Variance
Variance is a measure of the dispersion of data points around the mean. This means we are measuring the distance between the mean and the data points. You can visualize it by looking at the image below.
Let's get to calculating the Variance. Here is the formula for that:
σ2 = ∑ (X – μ)2 / N
Here σ2 refers to the variance, X is a value in the data set, μ is the Mean, and N is the count of the values in the data set. ∑ refers to the sum of - all the data values, subtracted by the mean and squared.
You could ask why we square the values.
Earlier, we mentioned that we were measuring the distance in this case. Now, the funny part about distance is that it is always positive. Clearly, you always have data points in the data set that are smaller than the mean. When you subtract the mean from these, you will end up with negative values, which cancel out the values that result from the other data points that are larger than the mean.
Hard to imagine? Here's an example:
Data set: {1, 2, 3, 4, 5, 6, 7}
Mean: 4
Values that you get when you subtract the mean from each data point: {-3, -2, -1, 0, 1, 2, 3}
Sum of these values - ZERO!
Does this mean there is no variance in the data? No! You get the point.
To prevent this from happening, these values are squared before being summed.
Squares of values from the example: { (-3)^2, ...} when calculated {9, 4, 1, 0, 1, 4, 9}.
The squaring up also amplifies the variance leading to an increase in variance for data sets with values that are farther from the mean.
Let's finish the calculation for our example here.

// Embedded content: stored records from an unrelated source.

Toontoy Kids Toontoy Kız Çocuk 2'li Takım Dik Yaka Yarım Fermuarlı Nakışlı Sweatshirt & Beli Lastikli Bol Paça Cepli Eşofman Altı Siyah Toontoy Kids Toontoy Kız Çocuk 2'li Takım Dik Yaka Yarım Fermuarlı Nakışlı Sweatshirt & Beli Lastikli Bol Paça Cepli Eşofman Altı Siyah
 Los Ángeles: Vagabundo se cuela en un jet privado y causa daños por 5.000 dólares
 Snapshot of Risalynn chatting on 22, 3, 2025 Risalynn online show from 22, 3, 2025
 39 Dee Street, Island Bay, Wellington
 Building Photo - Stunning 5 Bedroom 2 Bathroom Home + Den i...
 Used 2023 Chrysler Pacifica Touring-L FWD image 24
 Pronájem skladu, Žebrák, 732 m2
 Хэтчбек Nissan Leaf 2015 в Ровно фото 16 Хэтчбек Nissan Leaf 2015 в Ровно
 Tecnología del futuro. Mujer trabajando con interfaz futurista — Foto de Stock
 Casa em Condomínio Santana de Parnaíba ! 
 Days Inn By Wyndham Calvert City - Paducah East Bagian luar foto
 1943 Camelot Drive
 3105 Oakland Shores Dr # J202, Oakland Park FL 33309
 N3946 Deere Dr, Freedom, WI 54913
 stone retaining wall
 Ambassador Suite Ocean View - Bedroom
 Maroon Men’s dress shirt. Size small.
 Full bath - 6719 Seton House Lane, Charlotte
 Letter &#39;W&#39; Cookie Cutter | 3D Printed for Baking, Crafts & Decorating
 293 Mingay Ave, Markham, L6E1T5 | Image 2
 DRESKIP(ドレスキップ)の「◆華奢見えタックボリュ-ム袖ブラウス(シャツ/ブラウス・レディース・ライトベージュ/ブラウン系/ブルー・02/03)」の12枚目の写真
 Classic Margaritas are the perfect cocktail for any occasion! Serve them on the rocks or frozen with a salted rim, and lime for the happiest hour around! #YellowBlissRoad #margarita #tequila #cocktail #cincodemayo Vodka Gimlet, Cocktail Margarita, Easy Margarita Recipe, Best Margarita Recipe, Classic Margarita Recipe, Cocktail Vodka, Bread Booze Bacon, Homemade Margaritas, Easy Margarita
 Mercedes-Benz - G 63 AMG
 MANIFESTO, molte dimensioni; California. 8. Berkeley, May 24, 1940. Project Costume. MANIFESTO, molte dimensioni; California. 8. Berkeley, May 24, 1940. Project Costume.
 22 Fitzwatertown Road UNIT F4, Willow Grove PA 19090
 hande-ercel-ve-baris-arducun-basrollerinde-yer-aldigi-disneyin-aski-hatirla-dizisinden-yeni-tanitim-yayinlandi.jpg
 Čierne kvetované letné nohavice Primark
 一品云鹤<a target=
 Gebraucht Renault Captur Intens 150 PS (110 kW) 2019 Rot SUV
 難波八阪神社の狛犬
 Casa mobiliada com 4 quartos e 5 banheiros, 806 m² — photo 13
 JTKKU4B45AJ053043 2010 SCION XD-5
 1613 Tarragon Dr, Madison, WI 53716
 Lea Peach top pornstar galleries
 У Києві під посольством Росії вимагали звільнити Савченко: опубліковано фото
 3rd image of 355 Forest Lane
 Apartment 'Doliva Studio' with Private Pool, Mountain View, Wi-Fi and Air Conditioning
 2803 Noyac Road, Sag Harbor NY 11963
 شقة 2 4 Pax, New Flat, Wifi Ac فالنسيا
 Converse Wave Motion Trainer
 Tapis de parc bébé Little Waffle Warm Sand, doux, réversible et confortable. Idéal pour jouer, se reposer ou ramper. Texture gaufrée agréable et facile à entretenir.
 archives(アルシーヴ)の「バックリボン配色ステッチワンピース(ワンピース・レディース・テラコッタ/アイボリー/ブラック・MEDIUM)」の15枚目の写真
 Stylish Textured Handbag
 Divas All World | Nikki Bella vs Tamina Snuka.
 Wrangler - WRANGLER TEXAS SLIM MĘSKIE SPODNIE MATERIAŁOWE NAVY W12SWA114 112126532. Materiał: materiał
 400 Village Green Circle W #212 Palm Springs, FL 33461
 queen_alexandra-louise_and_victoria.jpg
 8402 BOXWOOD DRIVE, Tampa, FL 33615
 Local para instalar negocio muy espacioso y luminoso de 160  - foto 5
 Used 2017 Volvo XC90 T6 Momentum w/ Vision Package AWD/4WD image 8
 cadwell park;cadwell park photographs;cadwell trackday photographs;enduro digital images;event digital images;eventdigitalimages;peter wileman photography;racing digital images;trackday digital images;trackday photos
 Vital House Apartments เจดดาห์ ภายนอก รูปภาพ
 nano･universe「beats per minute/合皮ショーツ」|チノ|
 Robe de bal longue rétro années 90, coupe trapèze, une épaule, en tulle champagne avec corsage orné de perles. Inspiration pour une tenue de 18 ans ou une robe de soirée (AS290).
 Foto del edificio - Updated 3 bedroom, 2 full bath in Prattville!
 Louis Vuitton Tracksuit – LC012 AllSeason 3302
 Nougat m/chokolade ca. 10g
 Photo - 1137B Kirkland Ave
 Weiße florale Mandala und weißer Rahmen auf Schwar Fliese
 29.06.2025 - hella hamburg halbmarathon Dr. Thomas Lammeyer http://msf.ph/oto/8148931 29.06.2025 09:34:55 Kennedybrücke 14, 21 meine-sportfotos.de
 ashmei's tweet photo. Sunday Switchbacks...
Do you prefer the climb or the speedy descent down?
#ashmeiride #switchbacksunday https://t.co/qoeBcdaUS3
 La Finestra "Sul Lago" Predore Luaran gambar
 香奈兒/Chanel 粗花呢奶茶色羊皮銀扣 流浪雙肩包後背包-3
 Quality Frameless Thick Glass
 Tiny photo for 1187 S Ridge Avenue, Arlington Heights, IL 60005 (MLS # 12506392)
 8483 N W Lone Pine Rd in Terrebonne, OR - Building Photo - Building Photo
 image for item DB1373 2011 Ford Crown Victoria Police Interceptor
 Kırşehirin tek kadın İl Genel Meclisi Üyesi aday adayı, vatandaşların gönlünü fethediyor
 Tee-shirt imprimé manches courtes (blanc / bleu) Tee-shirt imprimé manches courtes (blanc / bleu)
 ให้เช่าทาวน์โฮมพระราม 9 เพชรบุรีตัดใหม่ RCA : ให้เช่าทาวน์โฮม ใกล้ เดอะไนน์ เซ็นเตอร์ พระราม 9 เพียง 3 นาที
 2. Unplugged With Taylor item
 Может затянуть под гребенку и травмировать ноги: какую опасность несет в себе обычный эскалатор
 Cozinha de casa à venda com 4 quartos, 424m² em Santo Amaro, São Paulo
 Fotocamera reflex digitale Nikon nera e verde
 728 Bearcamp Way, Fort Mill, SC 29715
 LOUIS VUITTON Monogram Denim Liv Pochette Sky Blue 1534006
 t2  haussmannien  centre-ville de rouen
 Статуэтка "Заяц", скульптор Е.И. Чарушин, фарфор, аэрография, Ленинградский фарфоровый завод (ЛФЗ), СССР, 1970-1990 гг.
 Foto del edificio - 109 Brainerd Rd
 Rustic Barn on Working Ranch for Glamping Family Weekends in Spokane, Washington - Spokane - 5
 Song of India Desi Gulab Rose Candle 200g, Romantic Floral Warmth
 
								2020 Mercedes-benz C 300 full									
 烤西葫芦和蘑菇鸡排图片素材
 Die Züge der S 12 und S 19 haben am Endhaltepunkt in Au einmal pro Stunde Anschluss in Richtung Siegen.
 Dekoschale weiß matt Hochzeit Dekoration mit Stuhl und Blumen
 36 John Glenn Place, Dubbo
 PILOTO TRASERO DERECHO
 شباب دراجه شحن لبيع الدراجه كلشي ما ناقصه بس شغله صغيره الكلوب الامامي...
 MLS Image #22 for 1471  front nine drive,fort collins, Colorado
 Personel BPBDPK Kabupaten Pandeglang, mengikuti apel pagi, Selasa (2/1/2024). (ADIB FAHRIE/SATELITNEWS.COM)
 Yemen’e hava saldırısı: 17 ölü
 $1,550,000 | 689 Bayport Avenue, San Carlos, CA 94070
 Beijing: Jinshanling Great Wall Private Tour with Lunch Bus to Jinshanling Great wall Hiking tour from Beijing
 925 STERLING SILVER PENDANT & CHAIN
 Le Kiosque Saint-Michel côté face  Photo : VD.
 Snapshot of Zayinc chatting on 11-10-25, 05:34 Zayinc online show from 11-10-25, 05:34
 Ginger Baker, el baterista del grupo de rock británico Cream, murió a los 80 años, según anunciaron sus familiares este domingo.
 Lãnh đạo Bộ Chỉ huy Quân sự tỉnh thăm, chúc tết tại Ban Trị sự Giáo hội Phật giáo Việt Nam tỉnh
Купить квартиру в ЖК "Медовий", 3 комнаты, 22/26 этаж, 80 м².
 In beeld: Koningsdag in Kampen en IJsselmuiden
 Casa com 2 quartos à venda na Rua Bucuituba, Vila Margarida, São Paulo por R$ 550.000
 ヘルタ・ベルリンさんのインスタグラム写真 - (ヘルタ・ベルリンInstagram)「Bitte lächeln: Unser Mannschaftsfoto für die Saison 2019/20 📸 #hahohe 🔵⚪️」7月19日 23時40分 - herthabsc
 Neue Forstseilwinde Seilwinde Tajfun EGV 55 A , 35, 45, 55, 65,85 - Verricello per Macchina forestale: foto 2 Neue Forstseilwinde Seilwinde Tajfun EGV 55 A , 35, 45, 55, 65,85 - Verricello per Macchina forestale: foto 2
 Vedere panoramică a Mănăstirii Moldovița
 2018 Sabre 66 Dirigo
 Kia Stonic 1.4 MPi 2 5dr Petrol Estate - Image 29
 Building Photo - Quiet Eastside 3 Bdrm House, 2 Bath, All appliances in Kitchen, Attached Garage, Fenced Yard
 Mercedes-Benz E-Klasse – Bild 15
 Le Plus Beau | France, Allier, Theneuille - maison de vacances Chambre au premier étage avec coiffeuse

The sum of squares comes to 28, which when divided by N, the count of data points, that is 7, gives us a variance of 4 (28 / 7).
In conclusion, this is the variance for the population, but the calculation for a sample is quite similar. Although the variances for population and sample could vary (no pun intended) and we are not going into that here.
P.S: There is a common practice of using a denominator of n-1 (count of sample data points minus one) when calculating variance for a sample. This leads to a less biased result. We will not be going into this area in this book, but feel free to research on this if curious.